[[ MATERIAL PROVIDED, beginning ]]
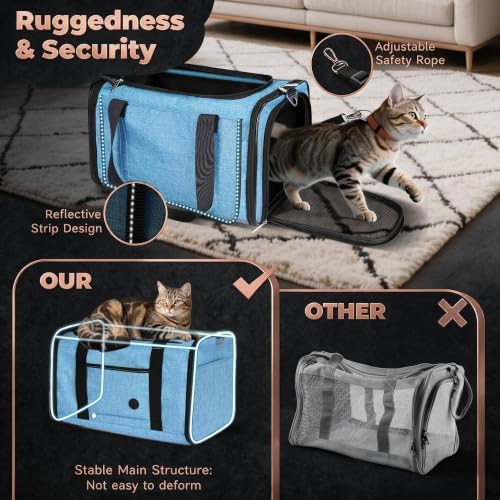 YUDODO 25lbs Cat Carrier Lightproof Soft Sided Pet Carrier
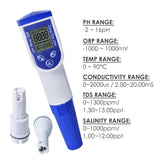 M0199720 6-In-1 Water Tester Combo Pen Ph Orp Ec Tds Salinity & Temperature Quality Meters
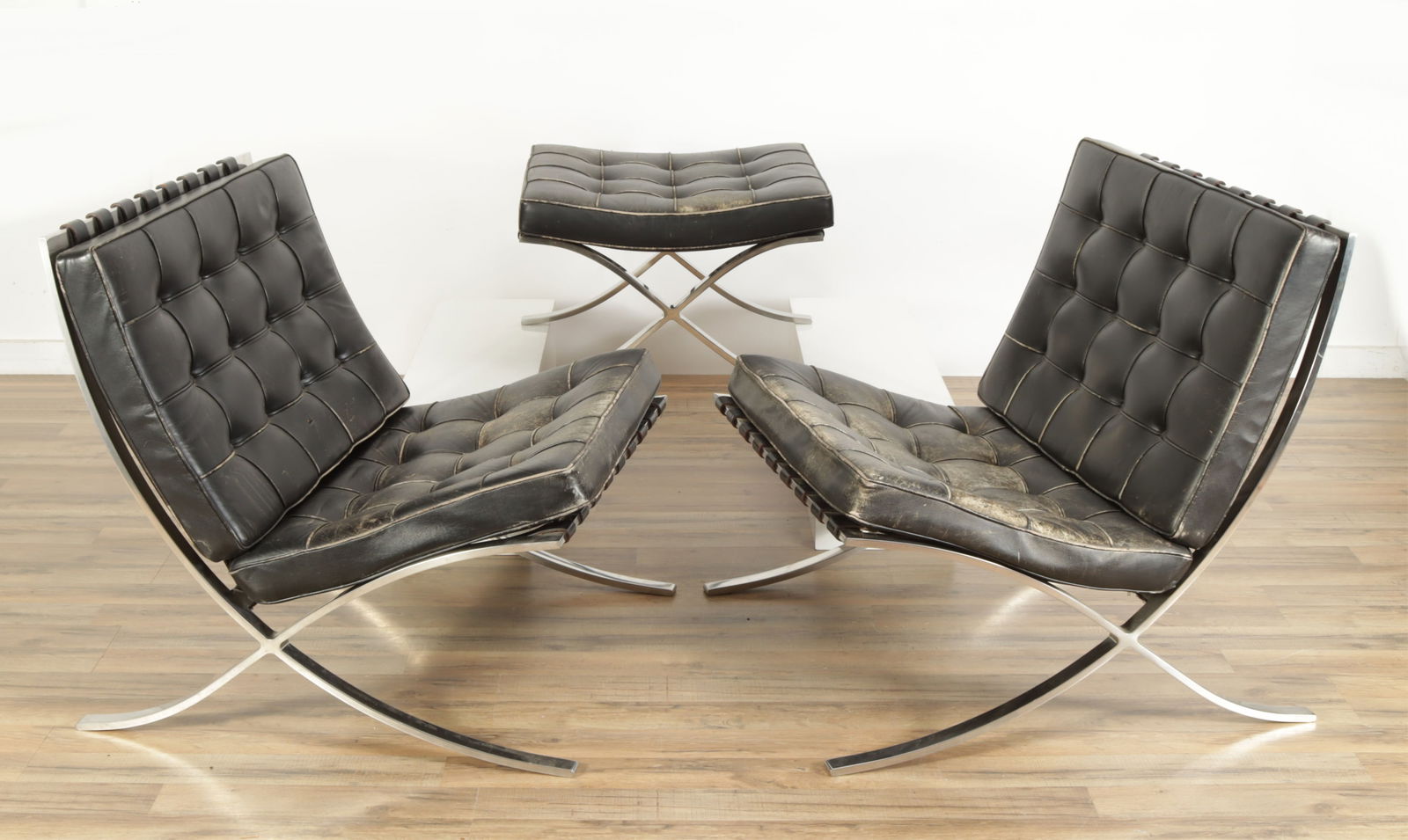 Mies Van Der Rohe/Knoll Barcelona Chairs, Ottoman (1 of 11)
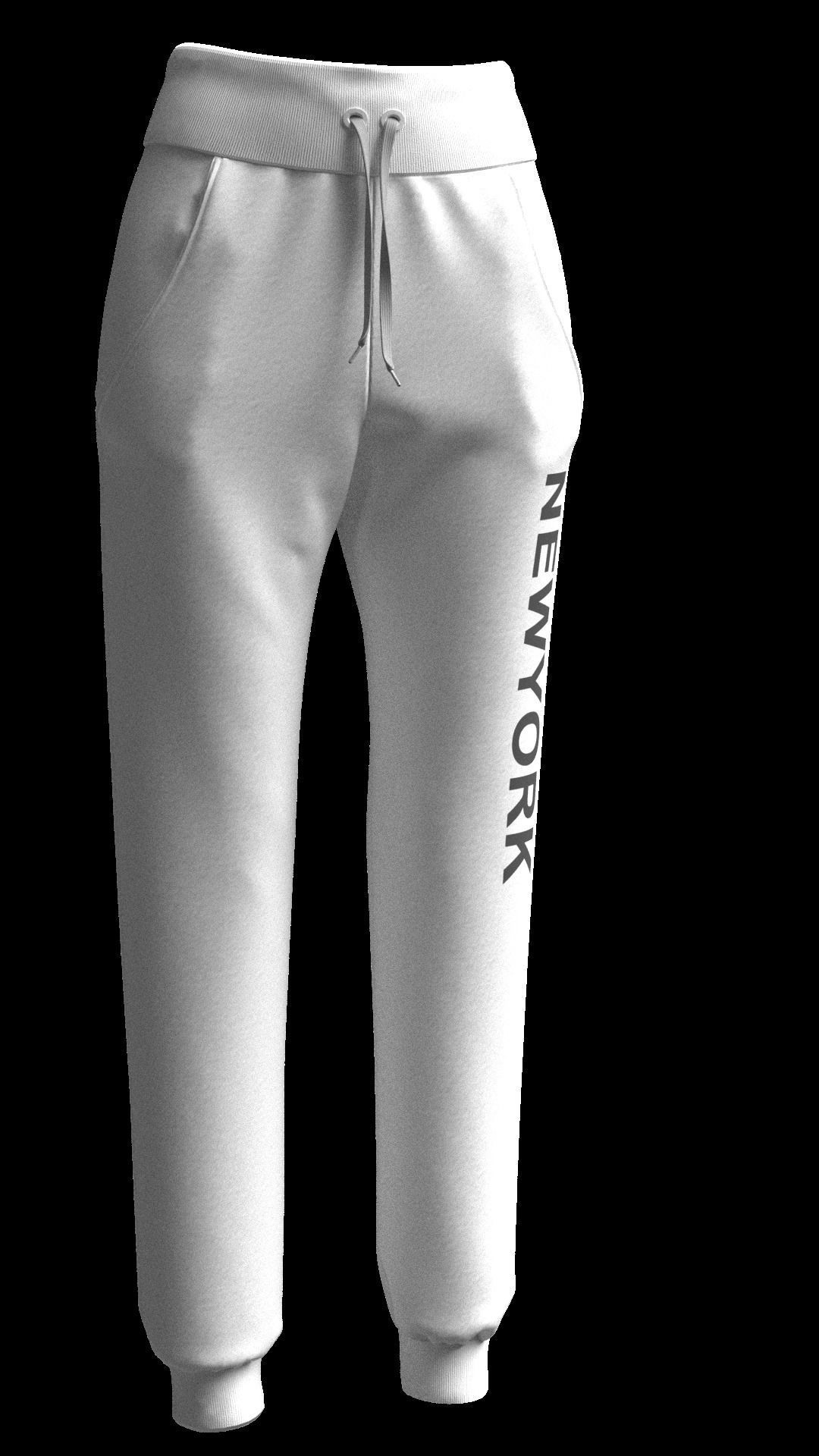 Ladies Track Pant in Marvelous Designer Low-poly 3D model_4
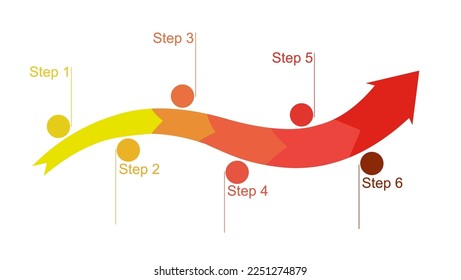 6step arrow business infographic yellow orange red tone 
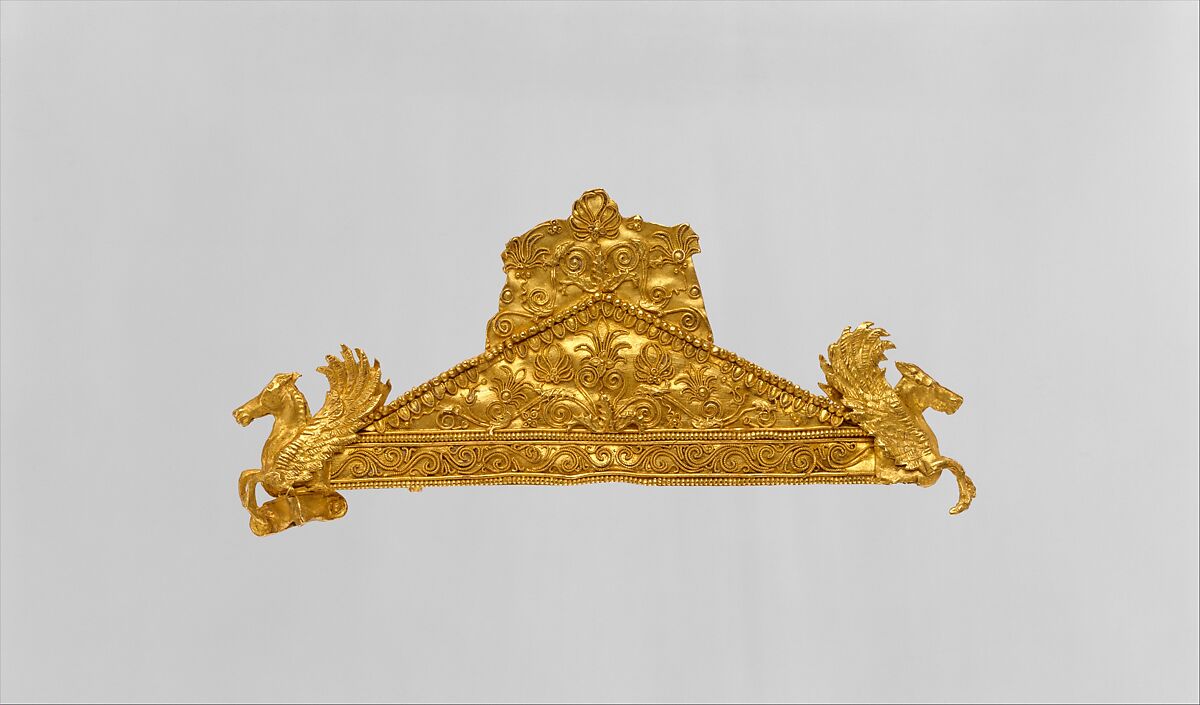 Gold pediment-shaped brooch, Gold, Greek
[[ MATERIAL PROVIDED, end ]]
EXERCISE DETAILS: Return the material in full, word for word, and skip the pictures.

EXERCISE RESULT:
 YUDODO 25lbs Cat Carrier Lightproof Soft Sided Pet Carrier
 M0199720 6-In-1 Water Tester Combo Pen Ph Orp Ec Tds Salinity & Temperature Quality Meters
 Mies Van Der Rohe/Knoll Barcelona Chairs, Ottoman (1 of 11)
 Ladies Track Pant in Marvelous Designer Low-poly 3D model_4
 6step arrow business infographic yellow orange red tone 
 Gold pediment-shaped brooch, Gold, Greek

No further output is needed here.